We do not think upon a review of the facts of this case that they are such as to raise the issue of different phases of the law of self-defense based on the two shots fired by appellant. To our minds and under all the testimony they were so contiguous as to make it clearly a continuous transaction. *Page 122
If appellant desired the testimony of Mrs. Grayson, for whose newly discovered testimony he asked a new trial, he should have taken steps during the trial to procure the testimony of said witness, it having developed that she was present at the conversation between Mrs. Black and State witness Hill. Appellant should then have secured subpoena for her, and if necessary asked for a postponement in order to procure her presence. Upon proper predicate laid when Mrs. Black was testifying, the witness Hill gave evidence as to certain statements made by her which she had denied. The purpose of the testimony of Mrs. Grayson appears to be to support Mrs. Black in this matter. We think such supporting testimony occupies the same attitude, so far as a continuance or a new trial to obtain same is concerned, as would the impeaching evidence. Sec. 202 Branch's Ann. P.C., and cases cited.

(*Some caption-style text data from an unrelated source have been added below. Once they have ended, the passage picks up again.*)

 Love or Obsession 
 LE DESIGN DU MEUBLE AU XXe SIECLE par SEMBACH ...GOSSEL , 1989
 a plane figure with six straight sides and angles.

The threat stated in the affidavit of Mr. Elliott as being newly discovered evidence, appears never to have been communicated to appellant, and in addition to reasons stated in our former opinion, we do not think such evidence of a character as would likely produce a different result upon another trial. The threat was made about two months before the killing, and the record discloses that appellant and deceased had been together subsequent to the making of said alleged threat, and no effort appears on the part of deceased to execute same.
We have again carefully considered this record and each of the matters urged by appellant, but being of opinion that same present no reversible error, the motion for rehearing will be overruled.
Overruled.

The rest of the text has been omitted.